The LNG market is continuing to expand at a rate of knots, with orders for new LNG ships to be built still providing a strong income, when the rest of the maritime industry is having a downturn in trade and orders for new builds. The largest LNG ship to date has a carrying capacity of 266,000 cubic metres of LNG gas, however the vessel herself has a summer draft of 12m. This is where the trade off between the larger ships which can carry the maximum amount of cargoes and getting into the smaller ports comes into, the perfect balance of is the use of LNG ship to ship transfer.
So how are LNG ship to ship transfers conducted?
The current practice of LNG ship to ship transfer is conducted by both vessels being held in position against each other, whilst cargo is transferred via flexible hoses. There are many LNG ship to ship transfer operations taking place worldwide on a daily basis, with accidents and incidents being very low frequency. However, there is a risk due to various different factors, that there could be a cargo spill. There are numerous advances in technology that are taking into account the risks and managing these risks to make the LNG ship to ship transfer process safer.
What advances in LNG ship to ship transfer technology are there?
There are two main components of emergency release systems, which are a combination of different systems, to safeguard the ship and the environment, in the even of an emergency. A system which is fitted with emergency release system provides a managed close-down system, so should an emergency happen, the ship’s crew have full control of the situation and can isolate the cargo system and operations in the event of an emergency. All vessels are required to safeguard the environment as far as possible and to prevent cargo spills wherever possible and an emergency release system is one way of doing this as it protects the ship, cargo hoses and all associated cargo handling equipment.
LNG HPUs are the cutting edge in technology and safety systems and for those using a full safety release system, for ship to ship transfer, then the HPU provides another fail safe option.
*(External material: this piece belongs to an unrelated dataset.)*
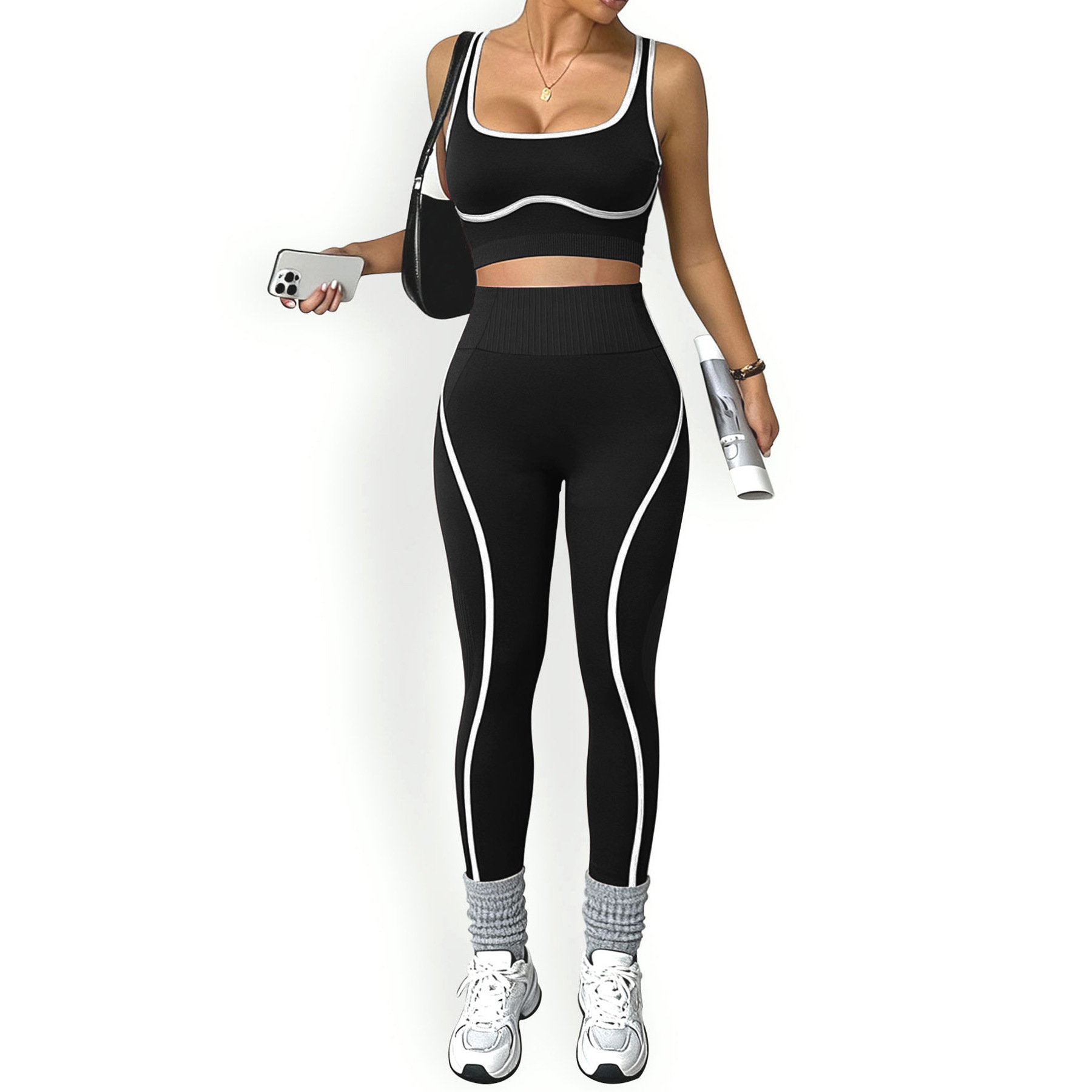 Nieuwe kleding: vest, heupliftende broek, yogapak, sneldrogend sportpak in contrasterende kleuren, casual hardloop- en fitnesspak_voghion.com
The first point to note in a HPU system is that they often offer the designated crew a single point of control over the Emergency Release System, so should an emergency release coupling be activated for something other than hose line stress, the system can be reset by the operator, meaning cargo transfer can continue.
Another interesting advance in technology is the HPU can have different sets of variables, meaning the unit can release the couplings dependent on each individual scenario and the parameters that have been set. Advances in technology now mean that one HPU can actually control a full system of up to ten emergency release couplings, meaning the operator has less systems to check and can have one point of reference.
With advances in technology, this is the technology that is currently available on the market and being used with success by a number of vessels, however, there are likely to be further advances to the emergency release systems over coming years.